The 4-hydroxycoumarin known as bishydroxycoumarin, or dicoumarol, can be formed through natural or artificial methods. When sweet clover interacts with fungi and becomes moldy, it undergoes a chemical change that causes the coumarin in the plant to transform into bishydroxycoumarin. The anticoagulant properties of coumarin derivatives such as dicoumarol were first discovered in 1939 from evidence that cattle in North America that had been fed with sweet clover were suffering from hemorrhaging, or bleeding. Bishydroxycoumarin was later produced synthetically for use as an oral anticoagulant.
Warfarin, a derivative of dicoumarol, is a popular synthetic drug used to prevent blood clots in cases where clot formation might cut off blood supply to an important organ such as the heart or brain. Before its development as an anticoagulant, this drug was commonly used as a rodenticide.

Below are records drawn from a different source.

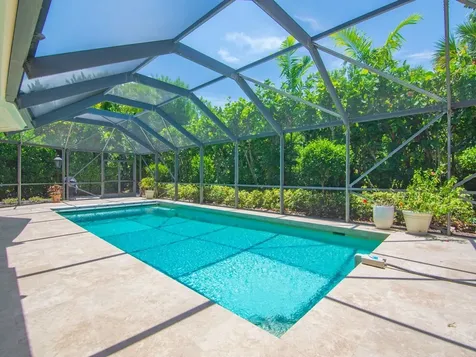 1575 Shorelands Drive E Vero Beach FL 32963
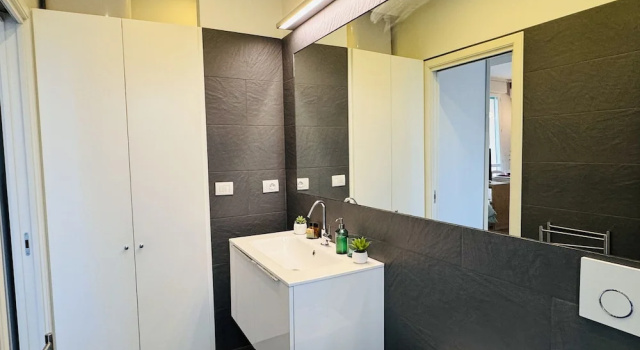 Студия Premium The Little Beauty Studio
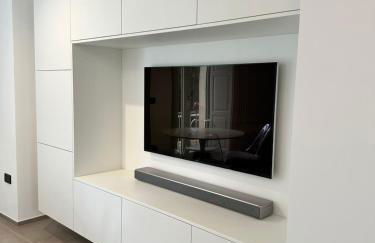 Design, comfort e atmosfera nel cuore del Salento - Foto 74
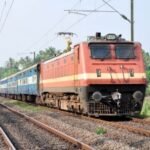 రాజమండ్రి మున్సిపల్ కార్పొరేషన్ సిగ్గుమాలిన విధులు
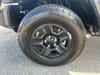 32 thumbnail image of  2025 Jeep Wrangler Sport
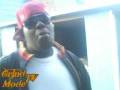 videos de GrindMode Tv Promo1.mp4
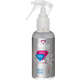 Fixador com Brilho docg. Silver Look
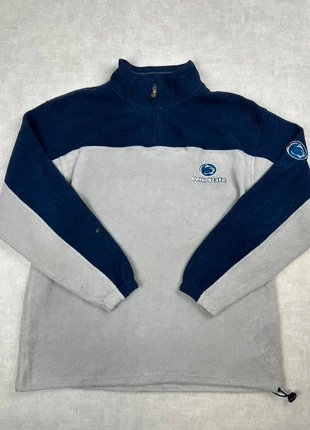 Polaire active grise / taille XL, marca: Active, estado: Muy bueno, tamaño: XL, 18,10 €, 19,71 € Protección al comprador Pro incluida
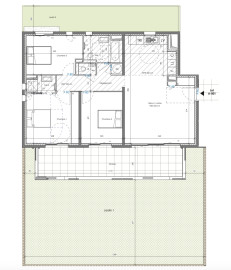 
                                                                                        Vente
                                                                                         .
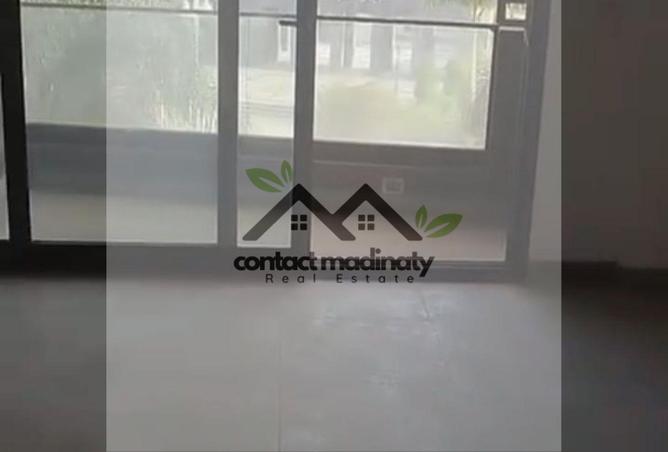 8288359 - Property Image 3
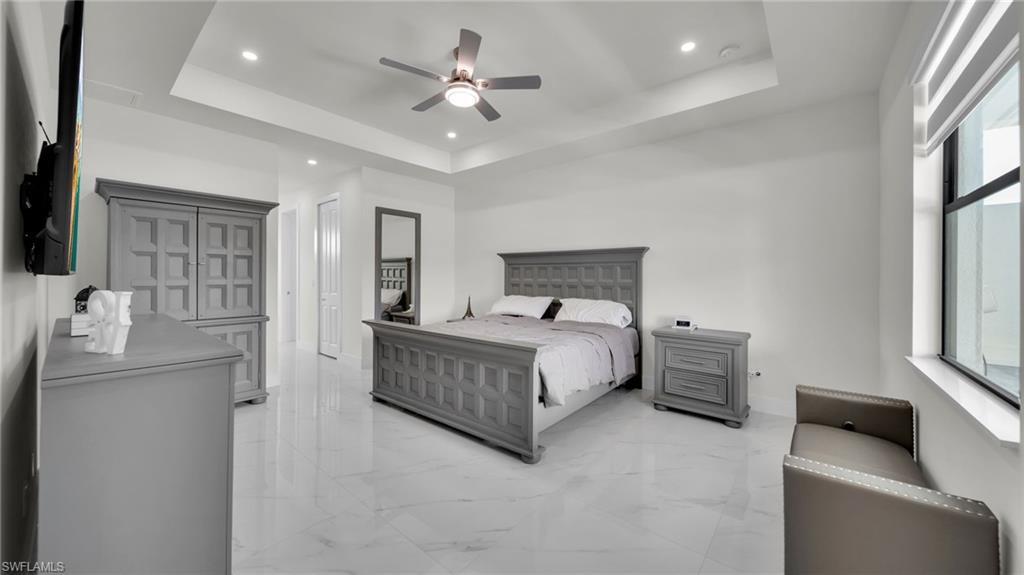 MLS #2025006854 image #0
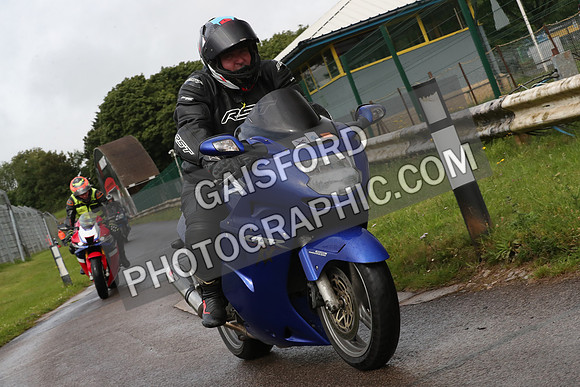 BIKES 0161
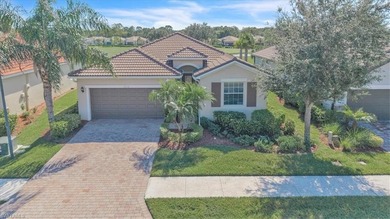 Discover the elegance of 3112 Walnut Grove Lane, a meticulously on River Hall Country Club in Florida - for sale on GolfHomes.com, golf home, golf lot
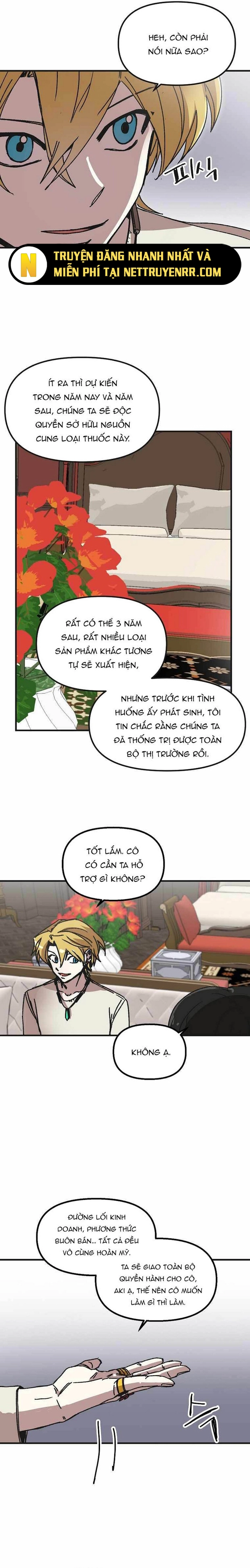 Chương 109 - Trang 7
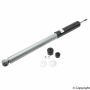 KYB SHOCKS 553380 2 Nuts, 2 Washers, 2 Rubber Bushings
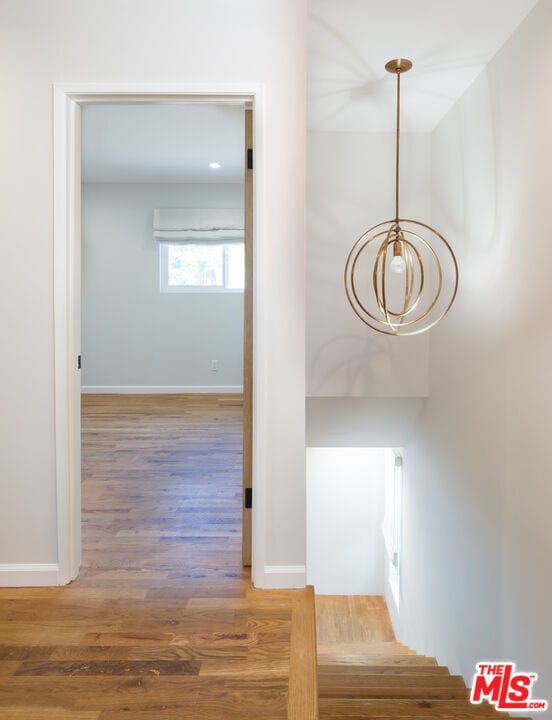 Building Photo - 2933 Acresite St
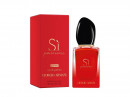 si passione giorgio armani fragrantica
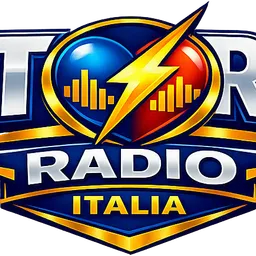 Storm Radio Italia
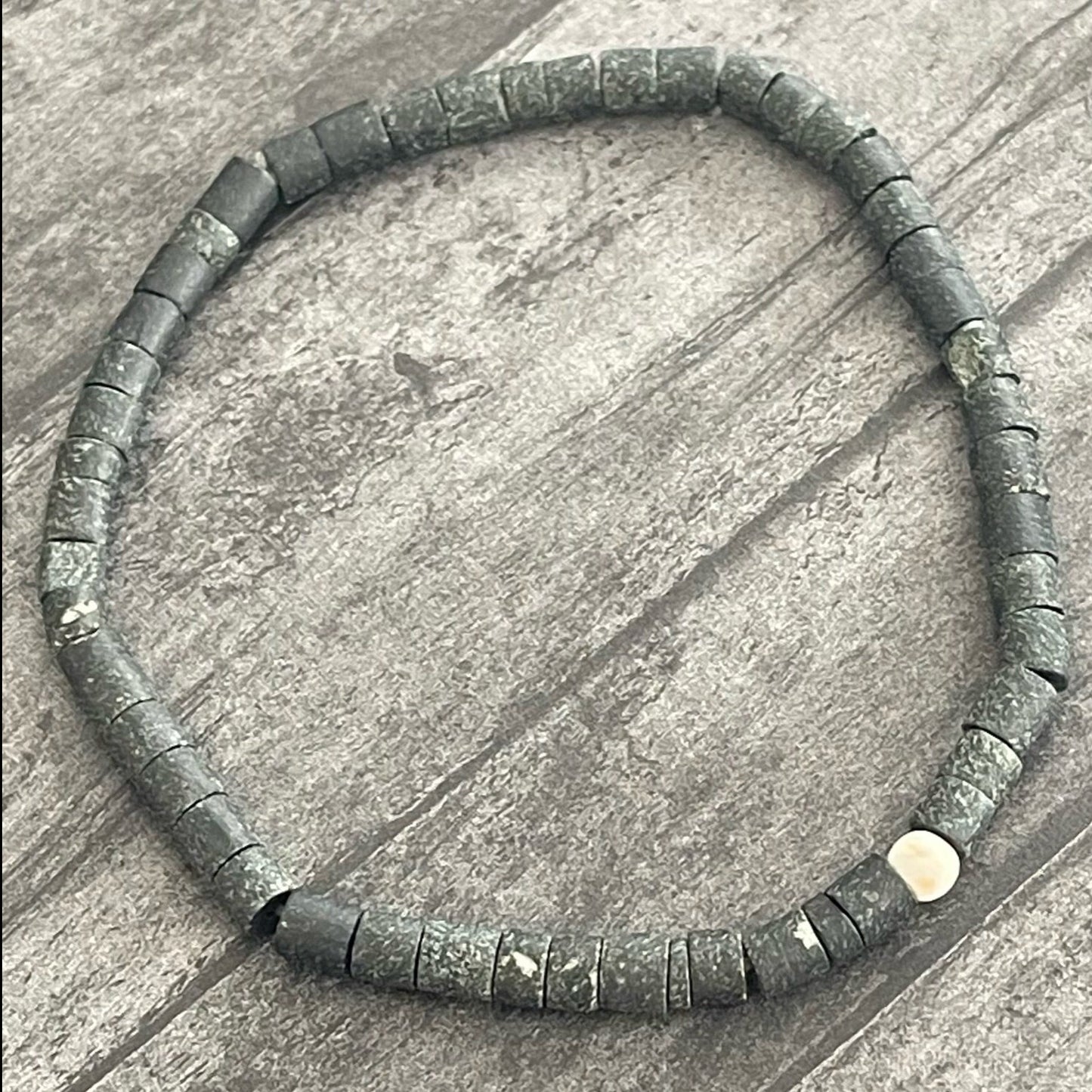 Moonlit Dusk Bracelet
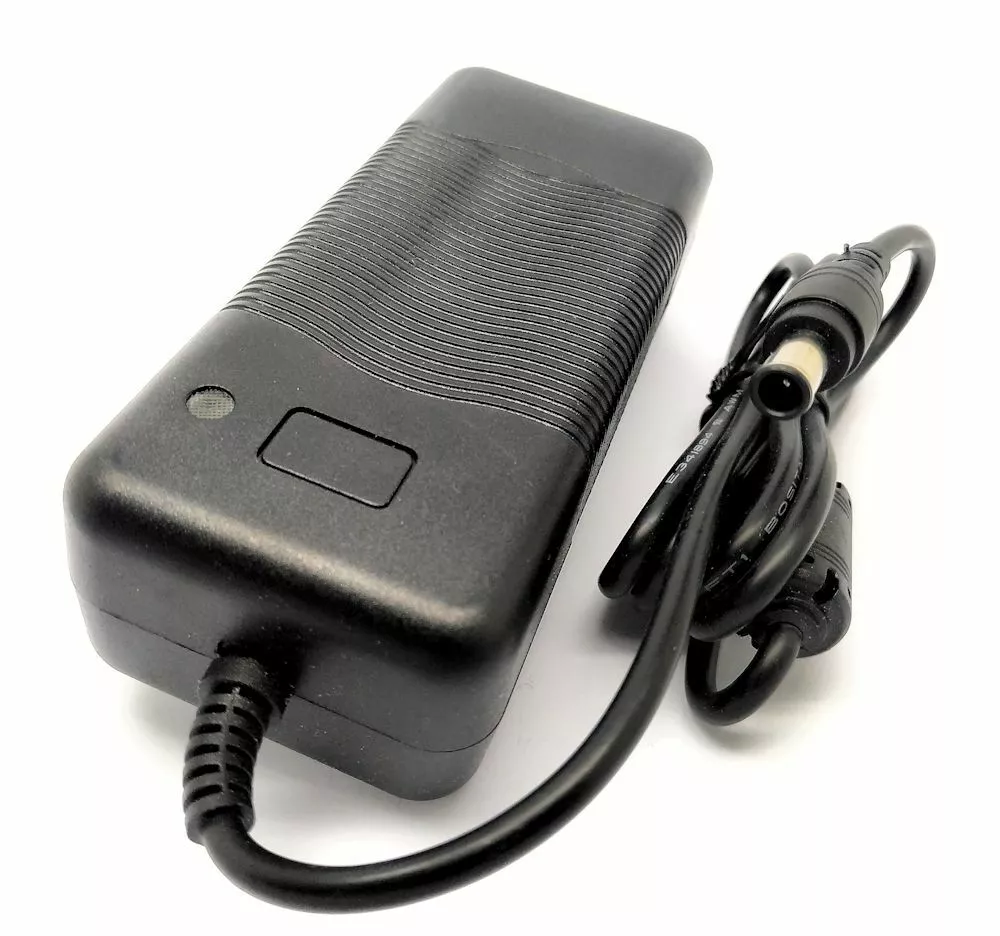 Samsung s27f350fhu cheap
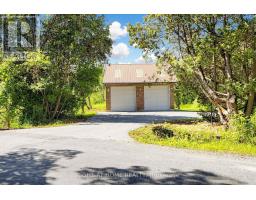 3016 Cole Road, East Gwillimbury, ON L0G1R0 Photo 34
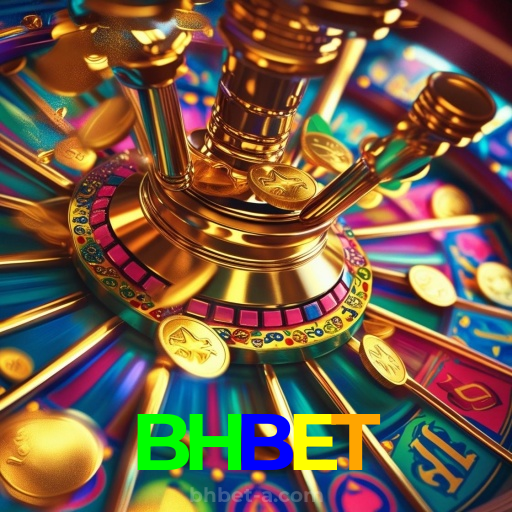 BHBET:Aposte no futebol online e seja o maior vencedor de todos!
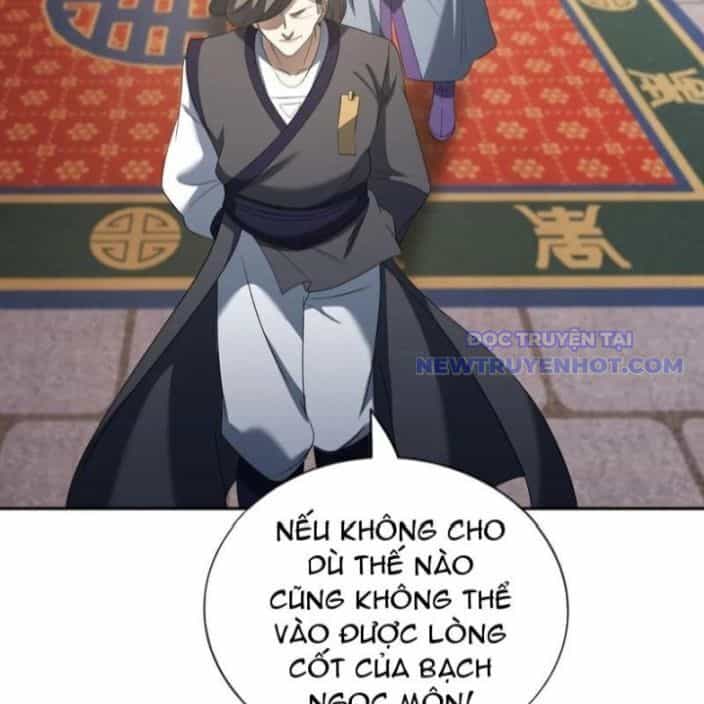 Thu Triệu Vạn Đồ Đệ, Vi Sư Vô Địch Thế Gian - Chương 168 - ảnh 26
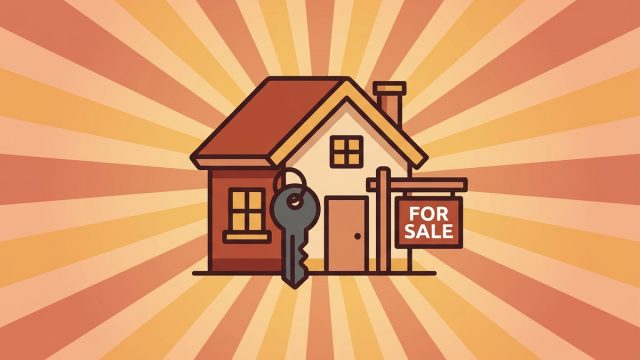 inmobiliaria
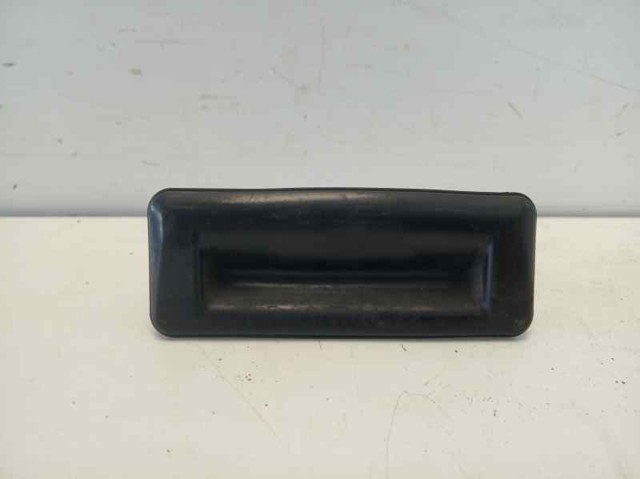 3T0827566C VAG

Warfarin and other coumarin derivatives function as pesticides by causing uncontrolled hemorrhaging in the target animal.
The anticoagulant activity of coumarin derivatives can be toxic to humans if these compounds are ingested in excessive amounts. Vitamin K is a known antidote in cases where excessive ingestion has occurred. This is because substances such as dicoumarol function by inhibiting the action of Vitamin K in the production of prothrombin, an essential compound in the process of blood clotting. By adding Vitamin K, the anticoagulant action of dicoumarol can be counteracted.
Umbelliferone, unlike warfarin and other synthetic compounds, can be found naturally in certain fruits. It too has medicinal properties, including antioxidant activity. In other words, it can help prevent oxidation, a chemical reaction that may result in the destruction of cells. Umbelliferone is useful medically as an addition to sunscreen and as a starting point for synthesizing anti-cancer drugs.